Iran enjoys unique advantages when it comes to production of raw materials and their processing including, but not limited to, the availability of 51 million hectares of agricultural land and the fact that the country enjoys four-season climate.

Almost all raw materials for food processing industries are domestically produced in Iran.

Food processing industries are of significant importance in the development of food industries, as they link the agriculture sector to modern food production industries.

Emerging economies have managed to create an appropriate connection between the two sectors of agriculture and processing industries, and have managed to generate higher value added in food production.

But food processing industries in Iran have failed to make the best of their potential. Today we are witnessing idle production capacities in processing industries despite the crucial role they play in boosting value added and food exports, while decreasing agricultural waste.

Iran’s processing industries are capable of handling more than 150 million tons of raw materials and meeting all domestic needs and exports to foreign markets. However, weakened competitiveness of local agricultural products compared to counterparts from other countries, incompatibility with international standards and absence of export plans have undermined the export of food products in non-oil exports.

This is while Iran is situated on the five main transit corridors and international transportation routes. On top of that, some of Iran’s neighboring countries are food importers and so we have a great opportunity to capture their markets, provided we adopt export-oriented policies.

Positive steps taken for improving exports over the past years pale in comparison to the potential of the country’s food industries. Recent government policies to support food exports have proved to be effective and need to be pursued more seriously.

A notable example of how the government’s backing helped food exports is the allocation of export subsidies to dairy products, which led to a significant rise in their exports. In fact, dairy products had the biggest share in Iran’s total food exports in the last Iranian year (ended March 20, 2017).

Iran shipped $773 million worth of dairy products over the period, registering a 10% and 25% increase in volume and value respectively compared to the year before. Among the exported products, yogurt topped the list with $218 million, followed by cheese with $187 million, milk powder with $129 million, and cream and ice cream with $120 million.

About 56,000 tons of dairy products worth $251 million were imported during the same period, including 46,000 tons of butter worth $184 million and 7,000 tons of milk powder worth $50 million.

The above figures indicate that Iran’s dairy trade surplus reached $523 million last year.

The main reason behind Iran’s failure to enter other markets is the high price of its products. Food producers in Iran have to pay higher prices for raw materials and that is to blame on the Iranian government’s approach toward local farmers.

The government runs the guaranteed purchase system for many crops, including wheat and tea, whereby it pays farmers for their products prior to the harvest. In fact the government pays farmers both the real end-price of their products plus a subsidy, and this raises the guaranteed purchase price compared with the global prices of agricultural products.

All countries employ strategies to support their agriculture sector. European Union governments pay farmers subsidies for each hectare of land in order to control inflation.

As part of the government’s protective policies, tariffs are imposed on agricultural imports, which also increase prices.

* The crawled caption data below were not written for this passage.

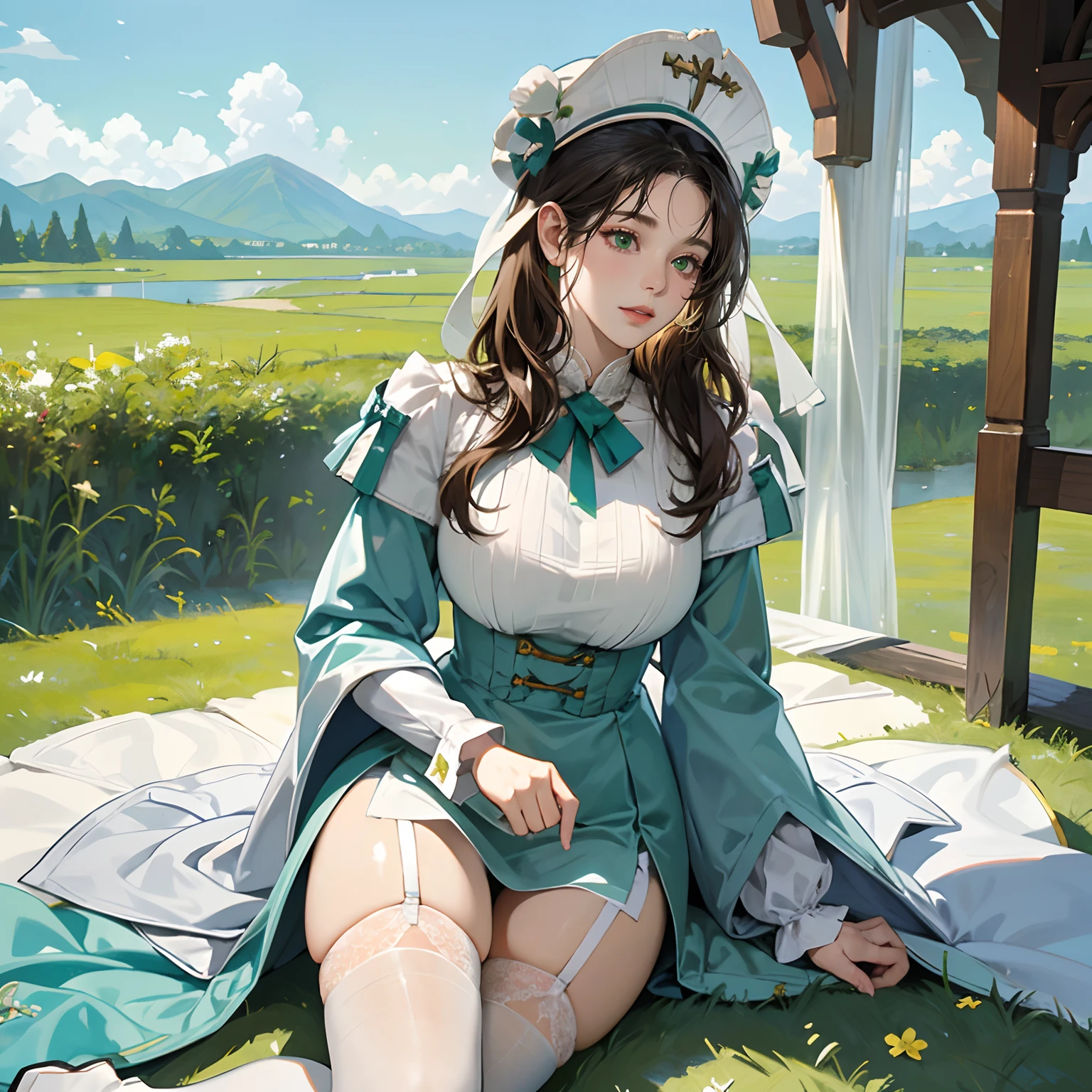 Women in Their 20s, Fantasia、offcial art, unity 8k wall paper, ultra-detailliert, beautifly、Aesthetic, masterpiece, top-quality, Photorealsitic、White Wizard、healer、Healing Magic、Recovery Magic、Enveloped in green light、Saint a girl、White clothes with cross design、crosses、White underwear、Thighs seen through the slit、dark brown short hair、the vast grassland、Green Tree々、majestic view、You can see the castle at the top of the mountain、depth of fields, Fantastic atmosphere, Calm palette, tranquil mood, Soft shading、very large breast、plump figure、Flock of small white birds、Healer's wand:2.0、Staff with green orbs、Costumes with long hems、Deep slit、Huge breasts、Hats with cross design、White cap、thick thight、White lace stockings、White garter belt、
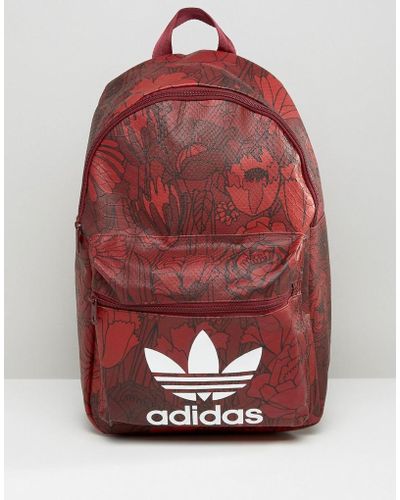 adidas Originals Originals Floral Print Backpack With Trefoil Logo - Red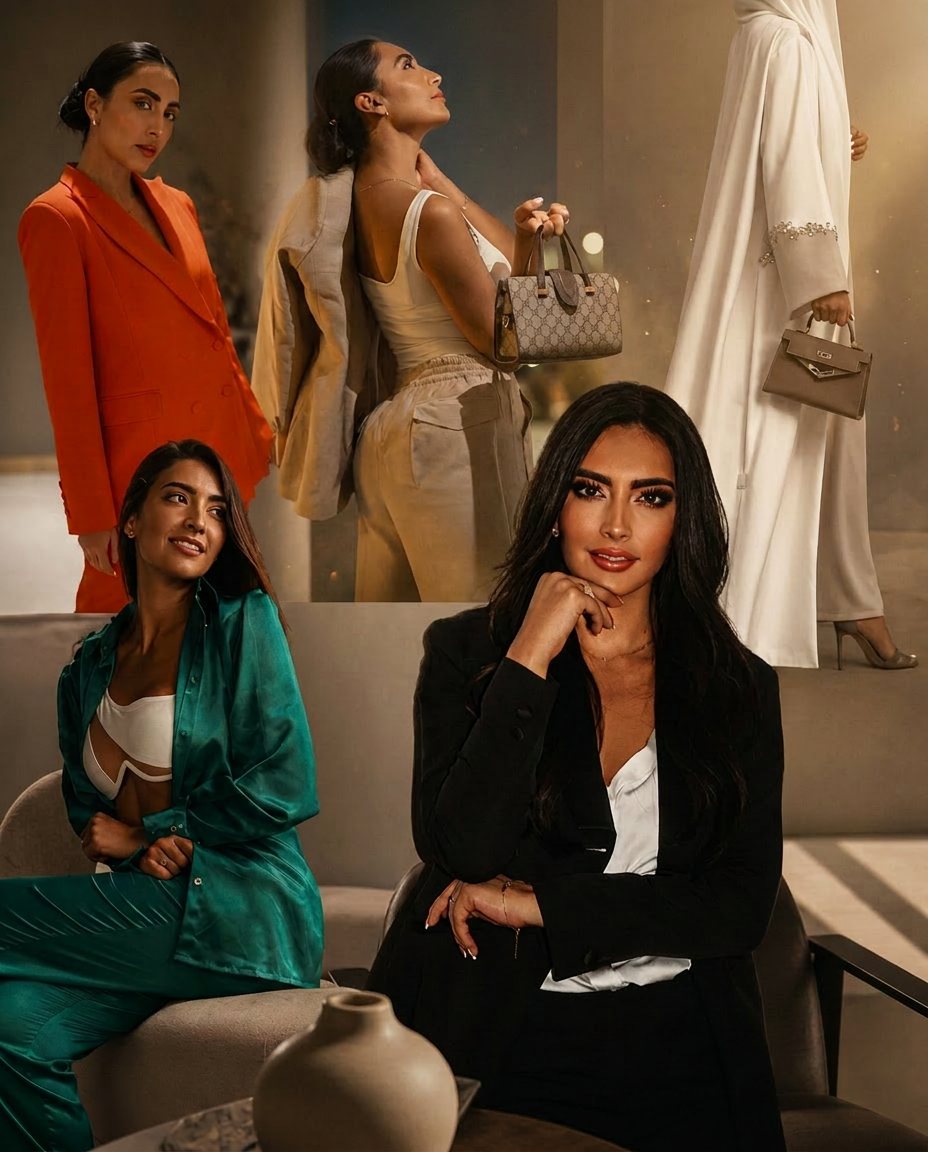 Paula Alza, founder of ALZA, in a Dubai atelier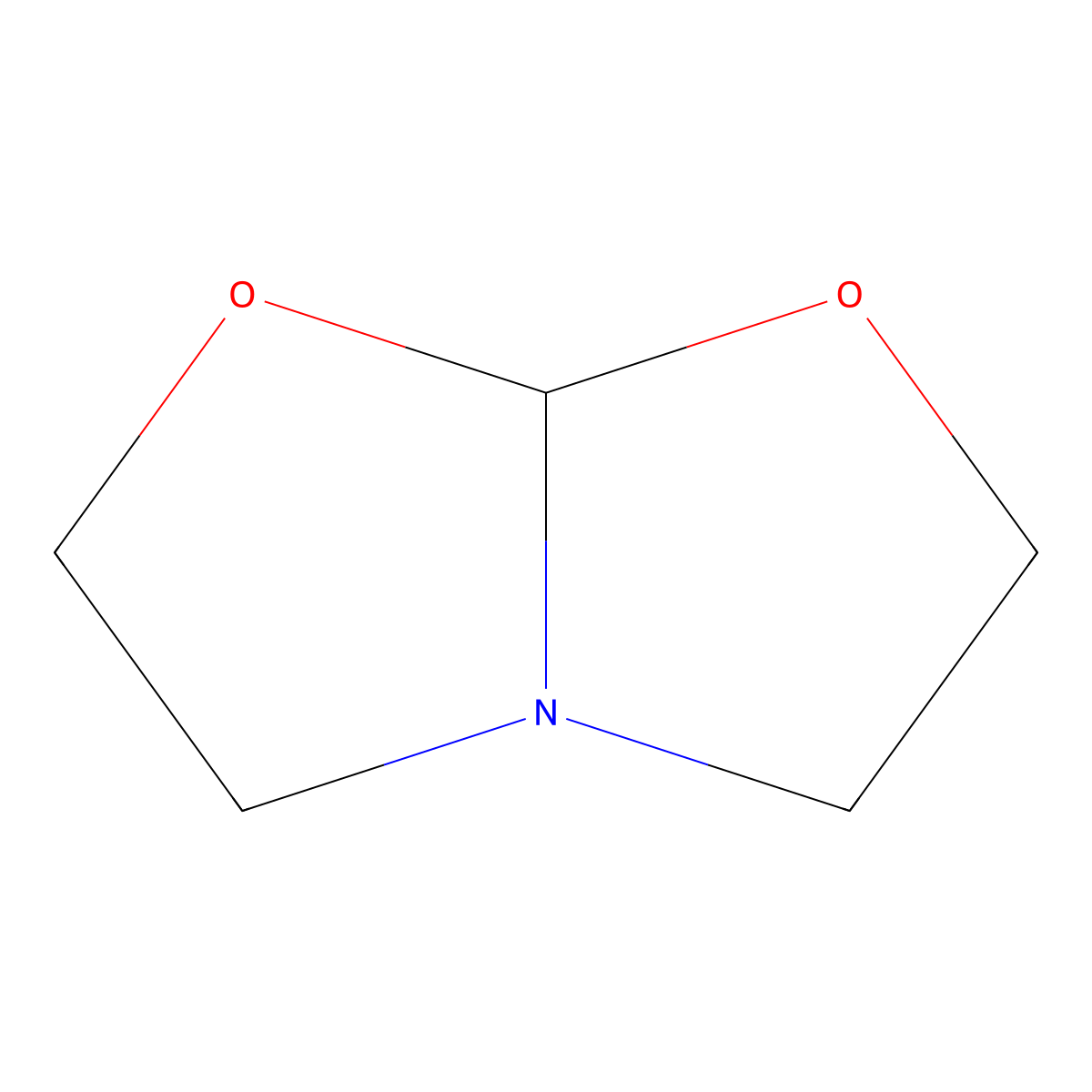 1-Aza-4,6-dioxabicyclo(3.3.0)octane molecular structure, CAS 5780-34-7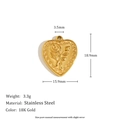 18K Gold Herzanhänger mit Rosen-Gravur und detaillierten Produktabmessungen - Herz-Rosen-Relief-Anhänger (C9347)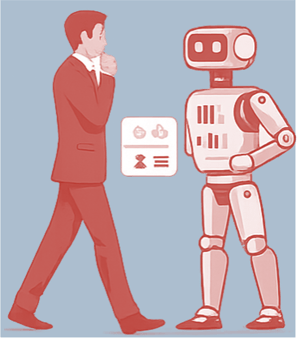 Illustration eines Sales-Mitarbeiters im Austausch mit einem AI-Agenten, der auf einem Decision Ready Data Layer basierende Handlungsempfehlungen erhält.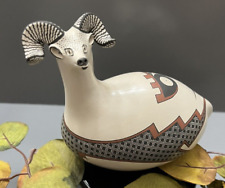Mata Ortiz Pottery Effigy Long Horned Sheep Ram Jerardo Tena Mexican Art Ceramic picture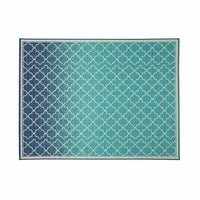 Dian Area Rug, 8 x 10, Power Loom Ivory Blue Ombre Patterns, Indoor Outdoor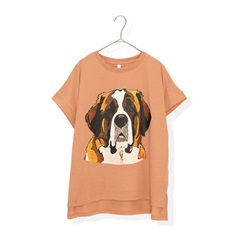 【Lupilien】半袖Tシャツ セントバーナードプリント 天竺 接触冷感(050 ORANGE)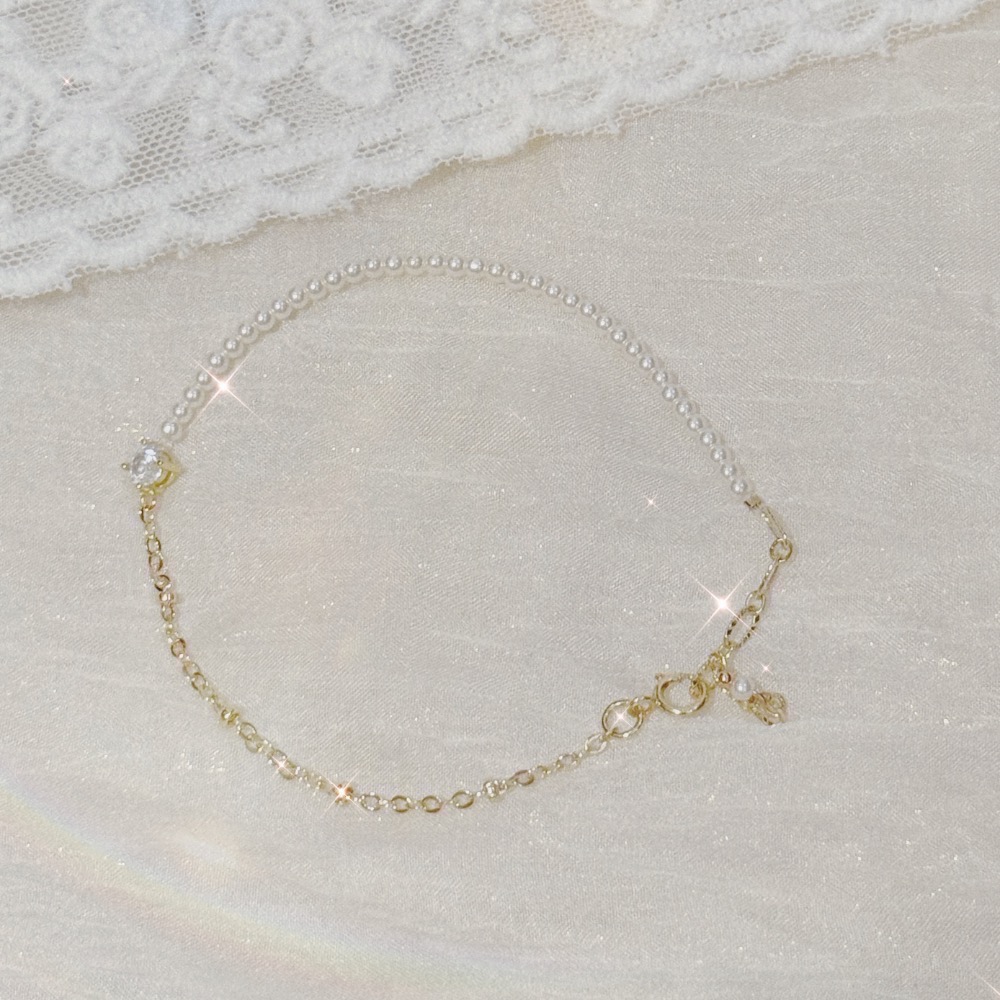 𝟐𝟓𝟒𝟐𝟕𝒂𝒄𝒄 ꕤ︎︎·͜·-在逃公主法式輕奢閃鑽 珍珠手鍊 手環 手鏈 飾品-細節圖3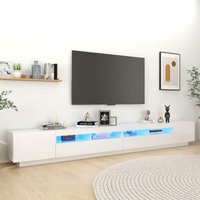 TV-Lowboard für Wohnzimmer TV Schrank TV-Möbel mit LED-Leuchten Hochglanz-Weiß 300x35x40 cm DE37547 von MAISONCHIC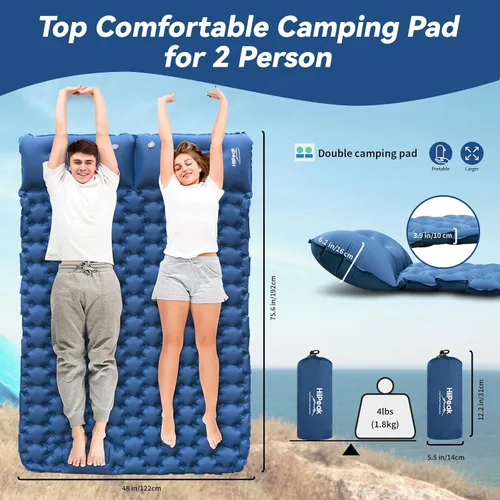Vista 3 de HiiPeak Estera de camping doble inflable con bomba de pie y almohada, colchón de aire ultraligero para 2 personas, cama de dormir portátil compacta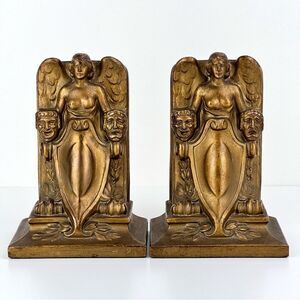 ANTIQUE J.B. ART DECO THEATER NUDE WING LADY BUST MASK  STATUE BOOKENDS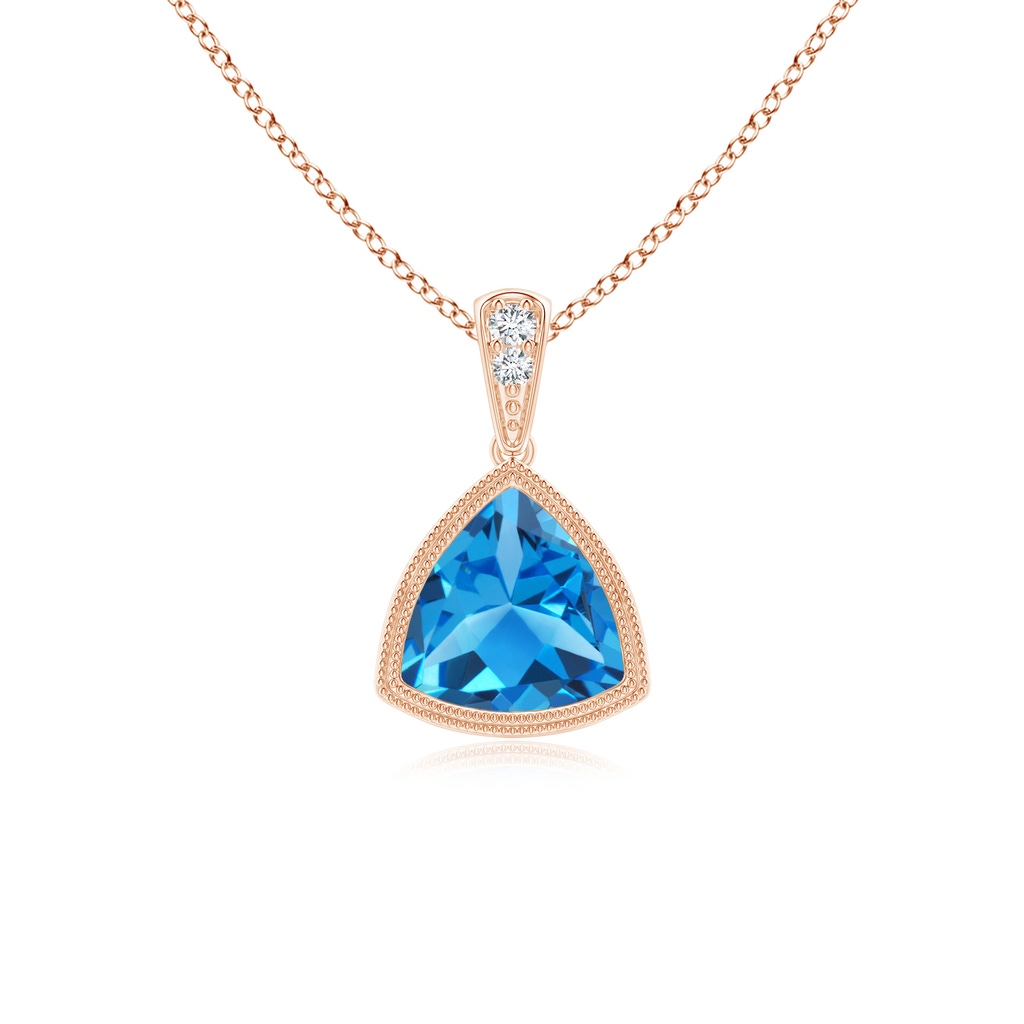 6mm AAAA Bezel-Set Trillion Swiss Blue Topaz Pendant with Milgrain in Rose Gold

By employing coherent, export-oriented policies, the government will be able to help both the agriculture sector and the food processing industries to claim a significant share of other markets. If not, the government would repeat the same old mistakes and its industries will lose the markets they have the potential to break into. The telling example of such markets is Russia.

Iran lost the opportunity to establish a foothold in the Russian market following the neighboring country’s political tensions with the EU and Turkey. Iran’s share of the huge Russian market is a meager $152 million.